The text strings "Data Set ID", "Data Set Identifier", "Dataset ID" and "Dataset Identifier" do not appear anywhere on Apple's website. The only DSID mentioned on Apple's website is a "Destination Signaling Identifier", which is an identifier tied to an iCloud account. Is there some other name that could be used to find information about the features you described to control what is saved in the SLC?
> As far as CPUs are concerned, it happens at the L2 level, with lines being designated as critical,
> either statically (as described) or dynamically (basically a CPU core detects when certain loads
> result in the machine "clogging up" after the load misses, and detect such loads in the L1 as
> critical; this bit is then transferred to L2 and the lines preserved there).
> https://patents.google.com/patent/US20230060225A1 (mostly the L1 side)
> https://patents.google.com/patent/US12222875B1 (mostly the L2 side)
The feature of detecting "when certain loads result in the machine clogging up after the load misses, and detect such loads in the L1 as critical; this bit is then transferred to L2 and the lines preserved there" is impressive. Have you or anyone you know tried to detect this behavior in Apple hardware?
> if we have one P-core active, it can apparently use no more than, say, 9MB of the 12MB L2.
Thank you for your comments. On page 106, Vol. 2 of your PDFs, it says one active P-core on M1 can use a maximum of 7.5MB out of 12MB of L2 cache. Is your current thinking that the maximum L2 for one P-core on M1 is 9MB, rather than 7.5MB, or are the experimental results not able to distinguish between a maximum L2 for one P-core of 7.5MB vs 9MB?
To get 9MB, each P-core could access what you called an inner L2 of 3MB plus the inner L2 of the two closest neighbors. If 4 P-cores are imagined to be organized as 2x2, each P-core would access horizontally or vertically adjacent inner L2, but not the inner L2 on the diagonal.

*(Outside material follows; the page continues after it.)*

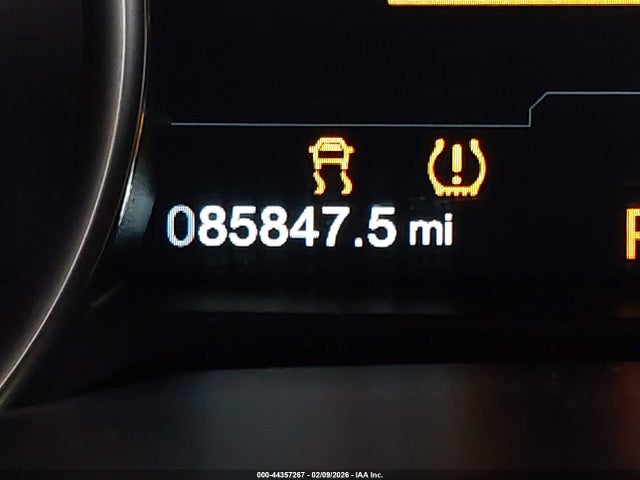 Ford F-150 Raptor 2017 1FTFW1RG7HFA22178 Image 15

For M3 Pro and M3 Max P-clusters where 6 P-cores share a 16MB L2, the floorplan indicates that 2 P-cores are close to 8MB of L2 (labeled cores 2 and 3 on M3 Pro) and 4 P-cores are close to the other 8 MB of L2 (labeled cores 0, 1, 4 and 5 on M3 Pro). The P-cluster floorplan for M3 Max is exactly the same except there are two P-clusters instead of one. Do you have any guess about the inner L2 and outer L2 sizes for these P-clusters?

I agree with the point you made that having one active CPU core does not happen very often, outside of benchmarking single-threaded code.
> You can also do things like set replacement policy for a DSID to be LRU or MRU; or indicate that you want data
> in a DSID preserved in SLC as, say, every 4th line, rather than every line. There's a lot of control available
> and more keeps being added.
Saving every 4th cache line in SLC is an interesting feature. Perhaps the prefetch hardware fetches the next 3 cache lines from DRAM when a cache line is accessed.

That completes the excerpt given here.